No entanto, cabe-nos advertir que o desenho industrial ou design, ao invés de se afirmar pelas suas potencialidades tem se notabilizado pela produção supérflua, de banalidades descartáveis. A inserção do desenho industrial em política pública de alcance social pressupõe compromisso com o desenvolvimento e a disseminação de bens que sejam, de fato, indispensáveis à vida humana.

 

Ao invés de buscar alicerces em estratégias públicitárias e no fomento do consumo compulsivo que destrói recursos naturais e degrada as nossas condições de vida, o desenho industrial deve ser reconhecido pela capacidade de minimizar impactos ambienteais, de superar adversidades sociais e melhorar o desempenho de artefatos.

 

O desenho industrial ou design pode contribuir para o aprimoramento da cidadania, para o incremento de políticas inclusivas e para o consumo consciente por meio da produção de artefatos. Graças à proficiência técnica de seus profissionais, projetos de produto e a comunicação visual pode se revestir de atributos indispensáveis a uma nova sociabilidade. À cultura democrática, abrangente e integradora, que se habilita a promover a  igualdade sem desconhecer a notável  riqueza da diversidade cultural brasileira.

 

A produção de material de bens de consumo afeta ao desenho industrial ou design é parte de incomensurável acervo cultural.

 

A nosso ver, a formulação e execução de política pública de produção e de consumo de bens culturais consistente e  viável deve estar voltada à efetivação da cidadania. No caso do desenho indutrial ou design, o critério de efetividade está relacionado à capacidade de proporcionar melhores condições de uso de produtos, o consumo consciente de bens, a ampliação de sua vida útil, a redução do desperdício, a eliminação da obsolescência planejada, da poluição visual e das agressões ao meio ambiente.

 

No campo de desenho industrial ou design, não podemos nos limitar à identificação de  oportunidades de negócios e vantagens individuais, incapacitando-nos para reconhecer direitos sociais de todos.
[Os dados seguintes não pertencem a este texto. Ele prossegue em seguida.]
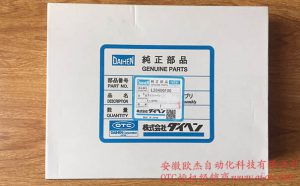 L20400F00 OTC Robot Circuit Board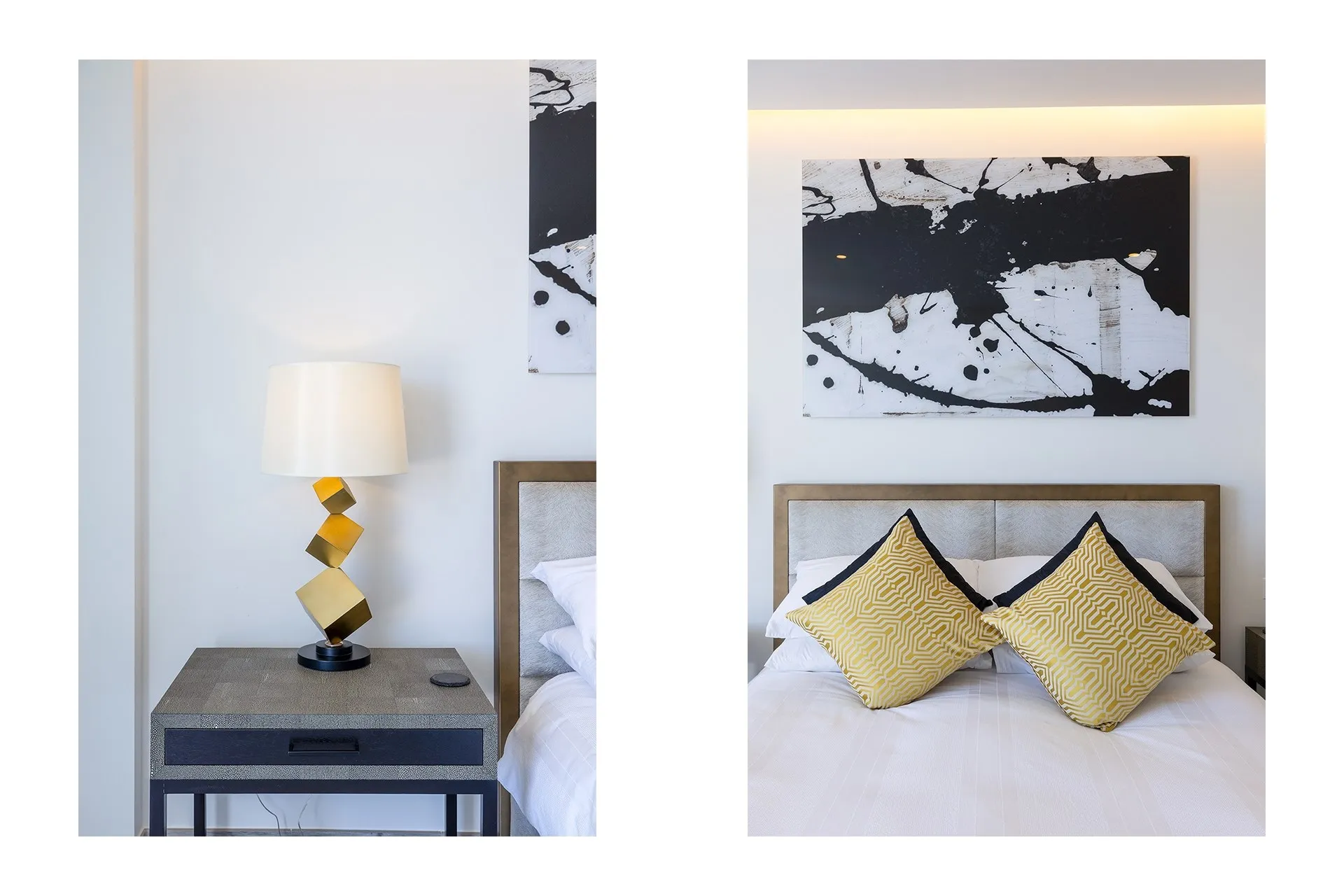 EXCEPTIONAL CONTEMPORARY 4-BEDROOM VILLA WITH INFINITY POOL IN VALE DA LAMA – LAGOS 26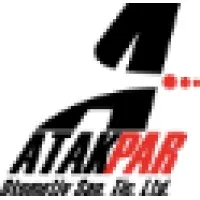 ATAKPAR OTOMOTİV SANAYİ VE TİCARET LİMİTED ŞİRKETİ ATAKPAR OTOMOTİV SANAYİ VE TİCARET LİMİTED ŞİRKETİ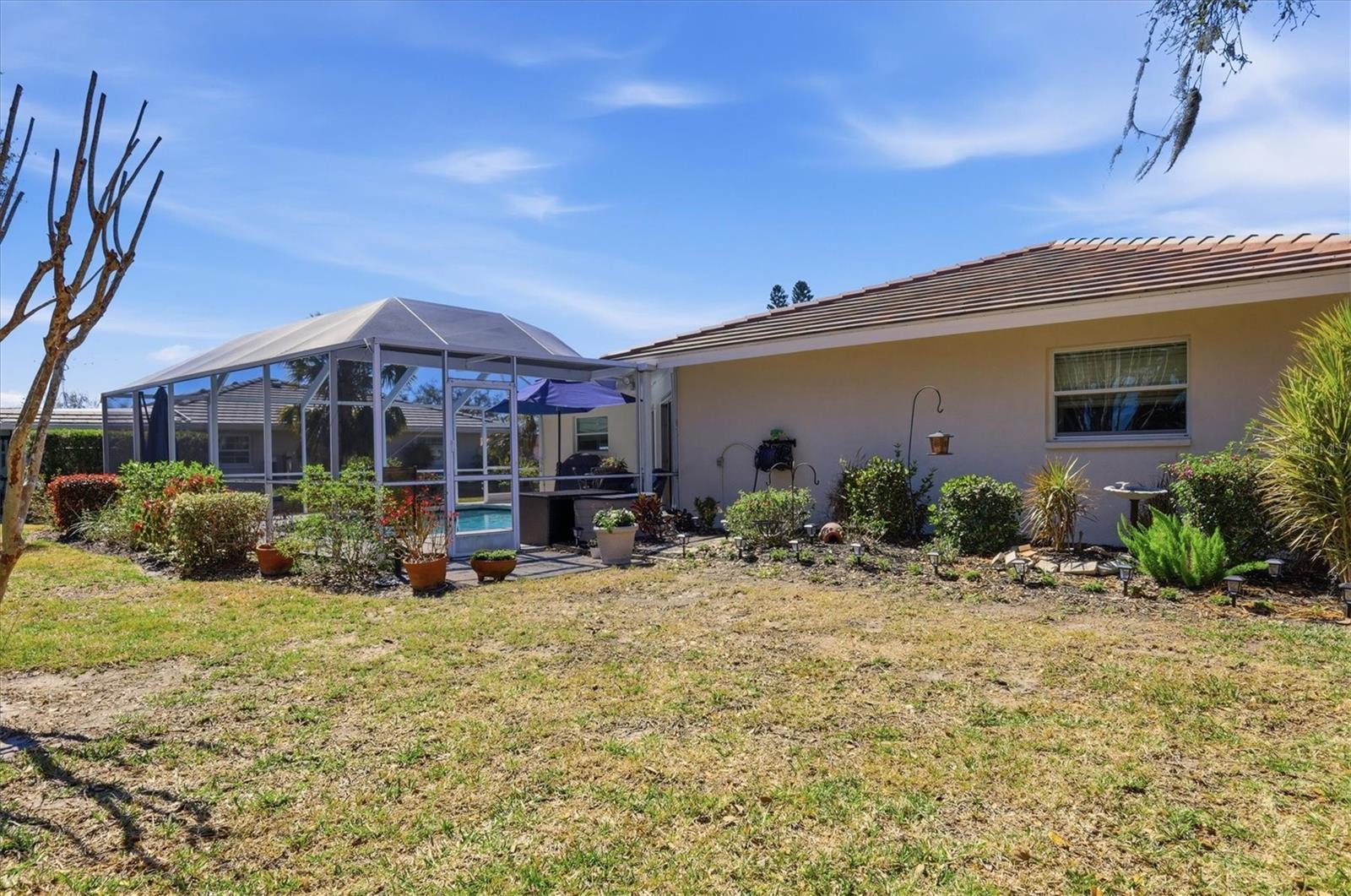 GULF GATE WOODS - Residential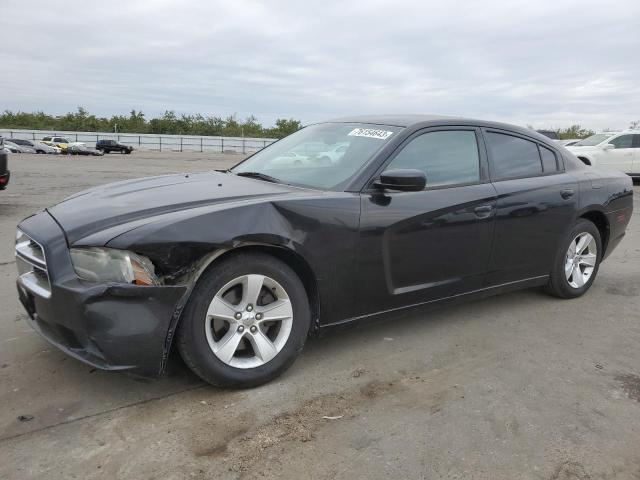 2011 Dodge Charger 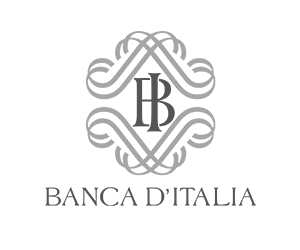 Logo Banca d'Italia Logo Banca d'Italia
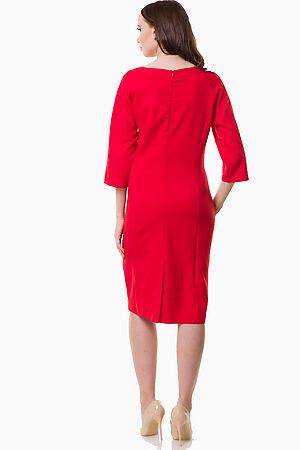 Платье FIFTYPATES (Красный) 2-515 #111475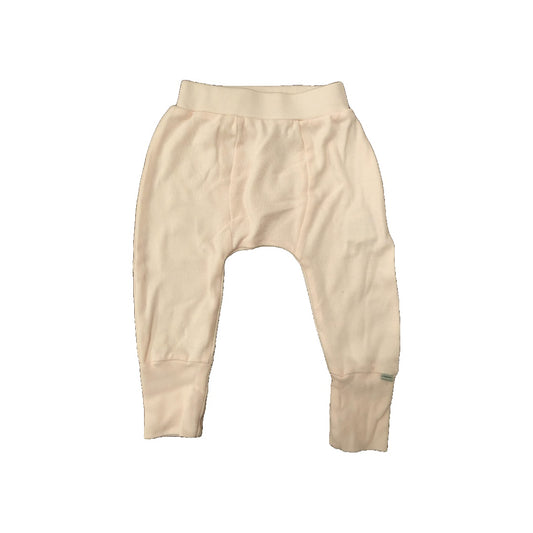 Finn + Emma Girls pink Pants Size: 6-9 months pink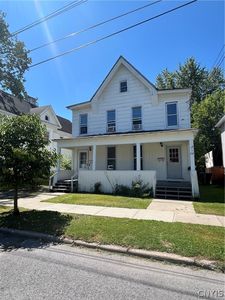 Property at 718 Cadwell St, Watertown, NY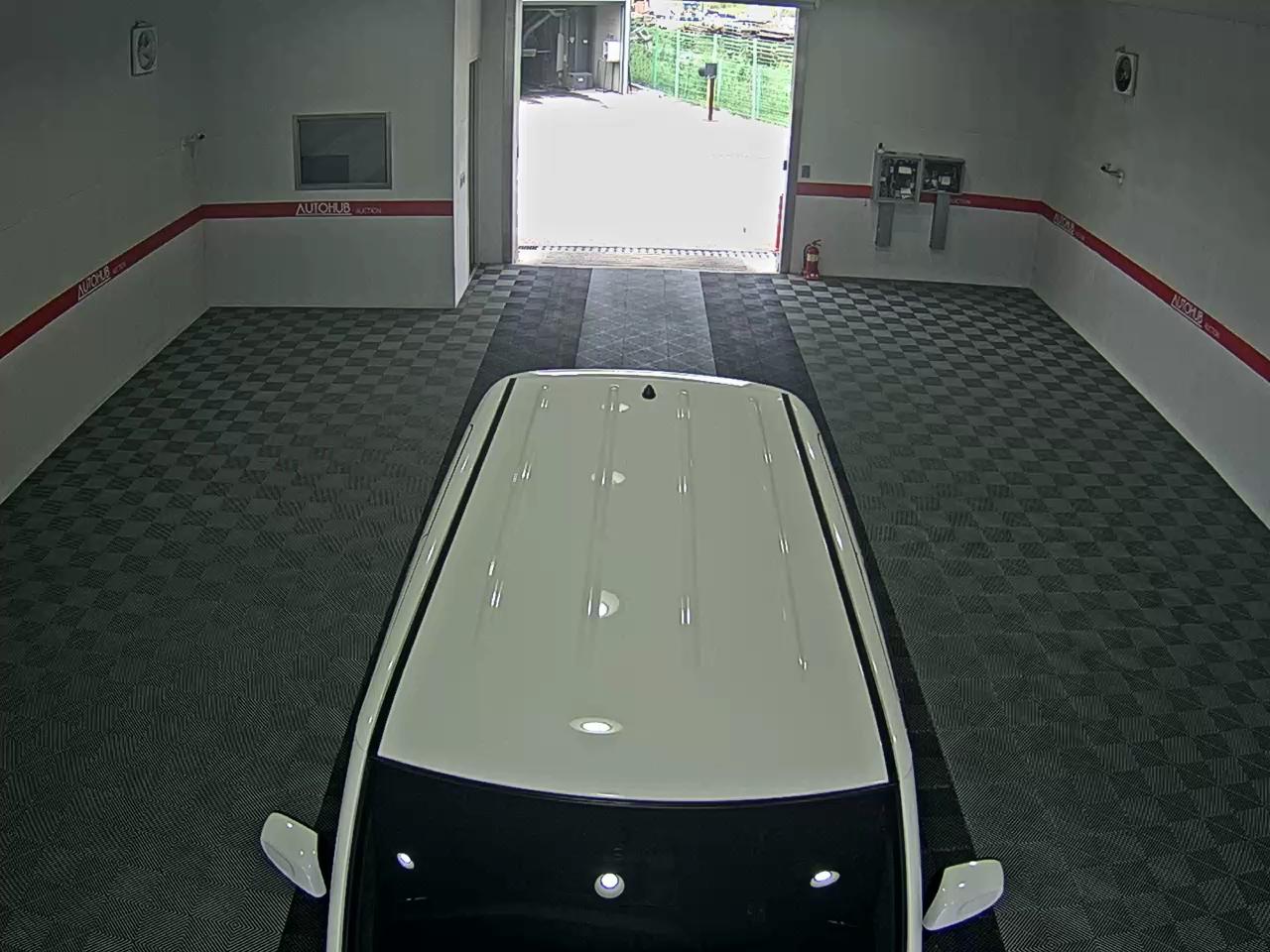 2019 - kia ray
Neste enquadramento, políticas públicas serão inócuas. Traduzir-se-ão como expedientes empregados para favorecer meia dúzia de espertos, que se beneficiam  favorecem do acesso e do transito em espaços públicos para obter informações privilegiadas em proveito próprio. Este procedimento não reverte em beneficios para todos, para profissionais e estudantes desta área.

 

Dois desafios se acentuam. O primeiro, elaborar plano setorial capaz de identificar, explicitar e converter situações críticas específicas em soluções viáveis, que propiciem o diálogo, a permeabilidade, a interação e a convergência com projetos análogos no âmbito da política cultural. O segundo, desenvolver projetos e programas, que incorporem especificidades do desenho industrial ou design como fecundos elementos de política cultural, que se propõe a  reconhecer, ampliar e efetivar direitos irredutíveis da população por meio de  sua destinação social.

 

O desenho industrial ou design inscreve-se num cenário crítico desenhado por estratégias públicitárias e pela indução do consumo de supérpluos, ao invés de ludibriar usuários de seus produtos, pode contribuir para pedagogia estimulada pela produção econômica parcimoniosa, pela distribuiçao equitativa de bens e pelo consumo responsável.

 

Este direcionamento tende a consolidar o papel do desenho industrial ou design como atividade que favorece o aprimoramento da qualidade de bens materiais, o consumo consciente de produtos, a melhoria de condições sociais de vida e pode contribuir significativamente para reduzir a degradação urbana e ambiental.